In Jesus' day, there was no agreed canon of scripture - no list of which of these "writings" should be taken seriously. It was partly this that led to the disputes between the Pharisees, who accepted all of the Old Testament as we know it, and the Sadducees, who accepted only the five books of the Law. Jesus and his followers certainly drew for their teaching on the whole of the Old Testament - they saw Jesus as "the son of man" in the light of the Psalms (8:4, for instance) and of Daniel (7:13) - and possibly other books we do not find in our Bibles today. (The Jews agreed their own canon at the beginning of the second century.)

But secondly, the writer asserts that all scripture is written "for our learning". The same claim is made by Jesus himself ("You search the scriptures because you think that in them you have eternal life; and it is they that testify on my behalf." (John 5:39), and in Acts (17:11-12) we find Paul making converts in Berœa because his listeners check in the Old Testament, and find that what he has said agrees.

This is what our passage is saying - we can find sound and useful teaching in the Old Testament, but only if we can see it in a Christian light.
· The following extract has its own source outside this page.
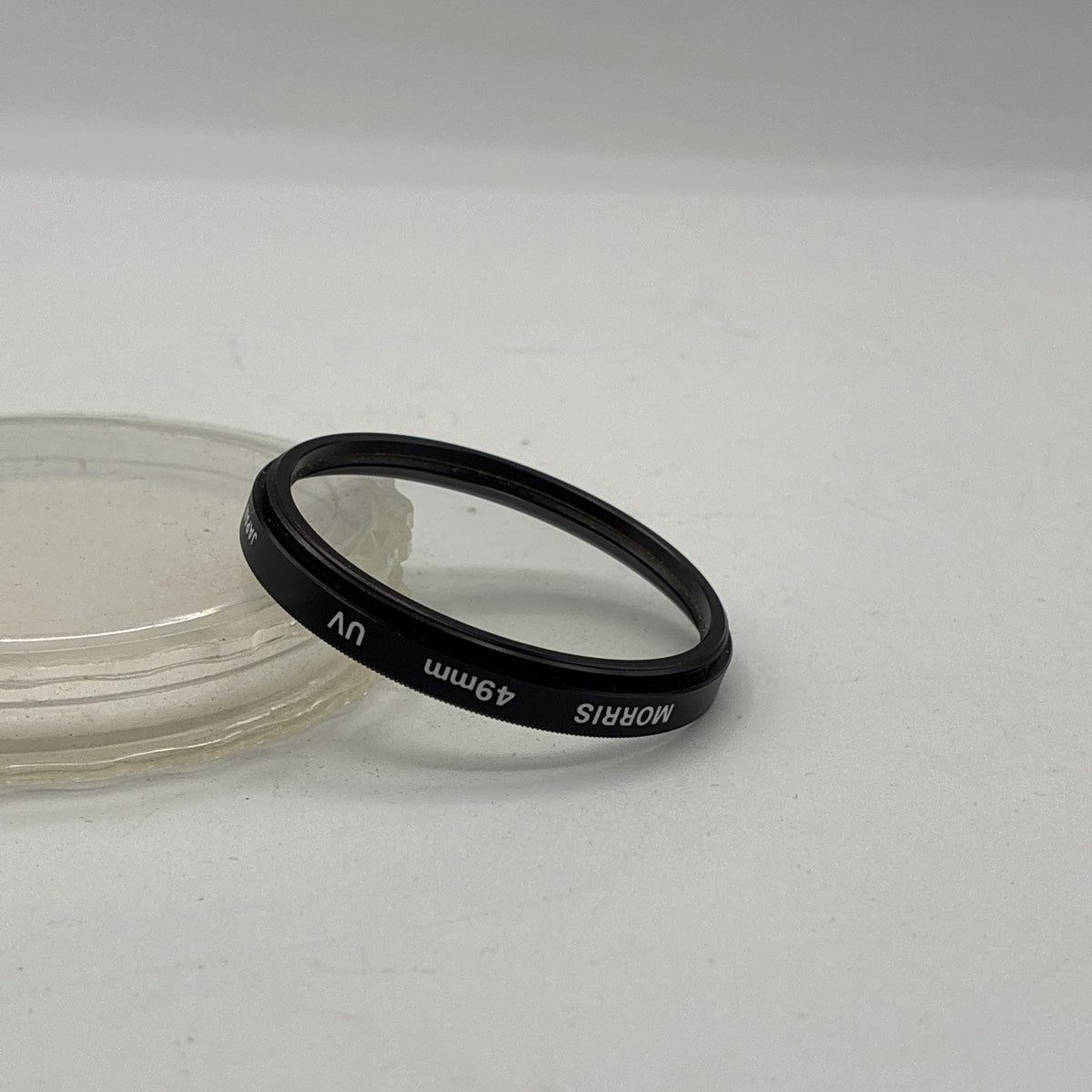 Used Morris 49mm UV Filter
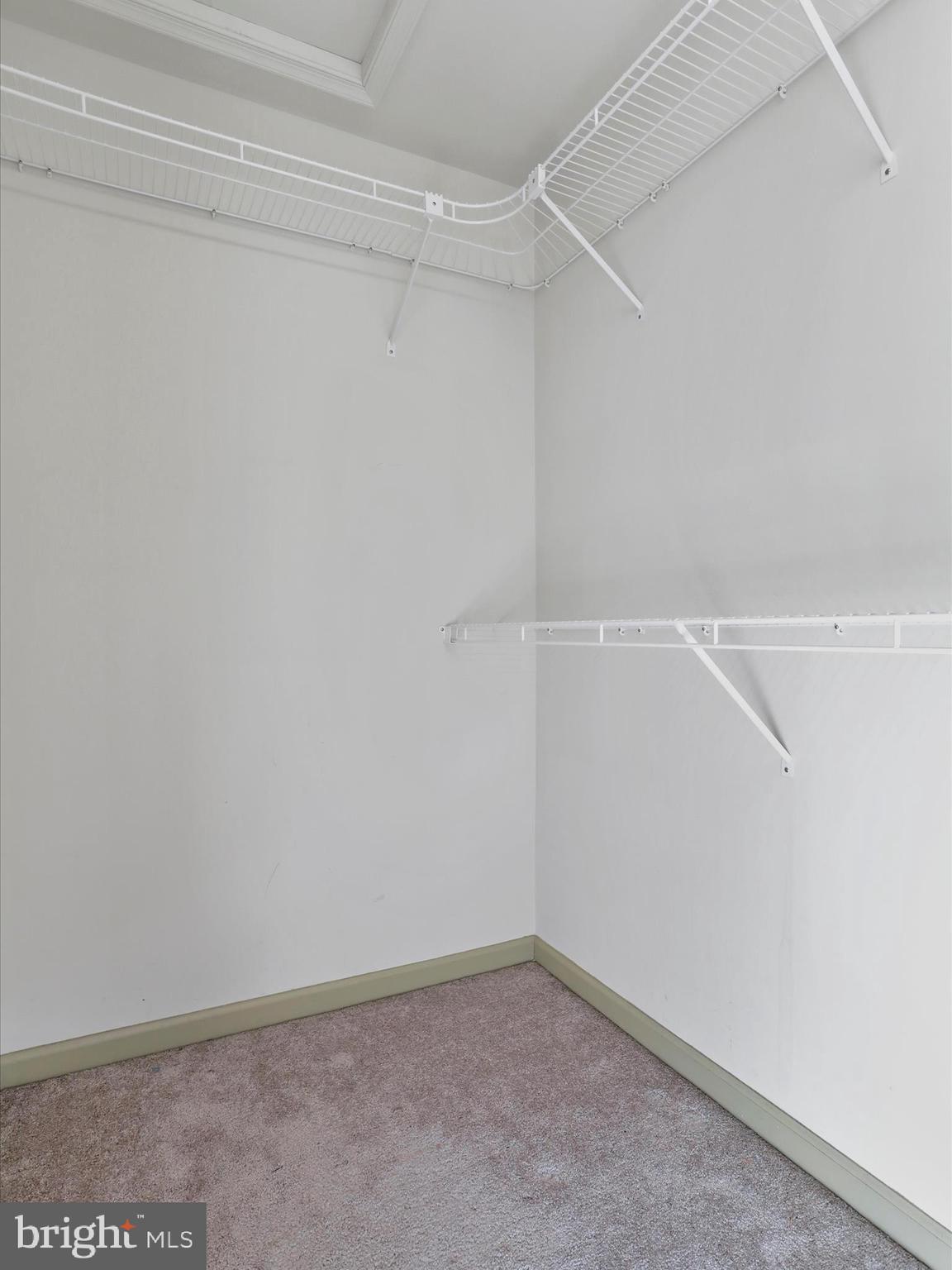 8297 Stottlemyer Road Waynesboro, PA 17268 - Photo 26 of 51 a view of an empty walk in closet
Throughout Luke's account of the spread of the gospel, from the meeting with Jesus on the Emmaus road, through the whole of the Acts of the Apostles, we find preachers explaining how to interpret the Old Testament, just as the Gospel writers add little asides: "This was to fulfil what was written." "For our learning", yes, but only if our eyes have been opened by faith.
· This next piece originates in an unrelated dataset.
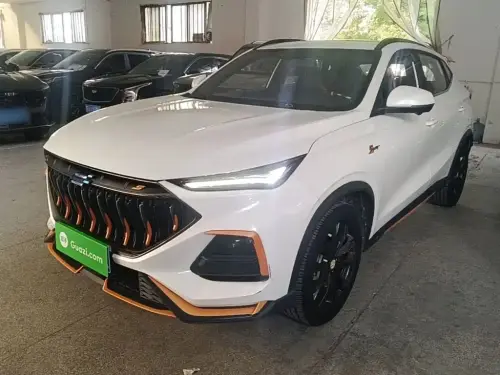 Changan X5, 2022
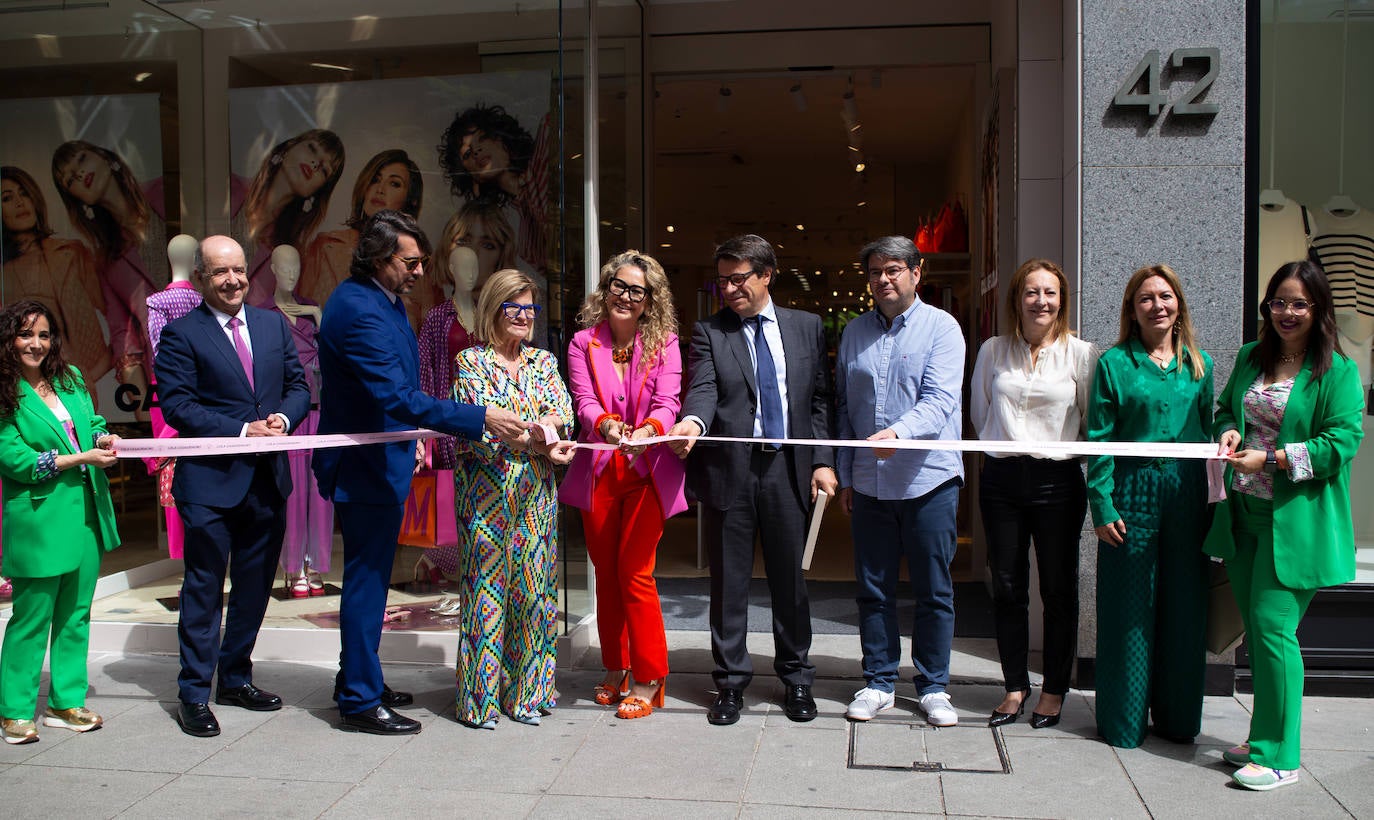 Lola Casademunt abre su segunda tienda en la capital grancanaria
And thirdly, the writer calls scripture "inspired". The Holy Spirit is at work - as Paul writes to the Galatians: "The scripture ... declared the gospel beforehand to Abraham, saying 'All the Gentiles shall be blessed in you'." (3:8) The scriptures are not just words in a book, they are a living message - God's message.

The early Christians also saw the writings in the New Testament as authoritative. 2 Peter 3:16 suggests that Paul's writings already had authority, and in the course of time church leaders generally agreed on the current canon, with four Gospels, the letters of the apostles, and the Revelation, which was felt to be from the apostle John. (A few churches include other books, and at the Reformation an attempt was made to exclude such books as Hebrews and Revelation.)

By the Reformation, "scripture" was felt to include the Old and the New Testaments. And one of the mottos of the Reformation was sola scriptura - the scriptures alone were our guide to learning about God, just as sola fides - faith alone, was our guide to our relationship with God.

This led to a leap in Protestant scholarship. For if the Bible had to be stripped of the traditional interpretations that had been overlaid on it, it was necessary to analyze its original text more rigorously, to find out what it actually did say. Did God create plants before human beings (Gen 1:12) or after (Gen 2:5), was Joseph's father Jacob (Mat 1:16) or Heli (Luke 3:23), did God really ask Moses to commit genocide (Deut 7:2), was Jonah really swallowed by a big fish, how exactly did Jesus feed the five thousand, how many people went to the empty tomb?

This is a little different from the Anglican view, that "Holy Scripture containeth all things necessary to salvation: so that whatsoever is not read therein, nor may be proved thereby, is not to be required of any man, that it should be believed as an article of the Faith, or be thought requisite or necessary to salvation." Here, our faith comes first, and scripture confirms, supports and widens it.

The scriptures affirm our faith, and we should read them for the support they give. They allow God to speak to us, though they are not the only way that God can speak to us (as we recall when we sing the Gospel proclamation on Sundays - we live by every word that proceeds from God's mouth (Deut 8:3): something God's people were reminded of long before any scripture was set in writing!). They are a part of God's message, and one that we can carry with us, refer to, look at for comfort and guidance. Let us take them to heart!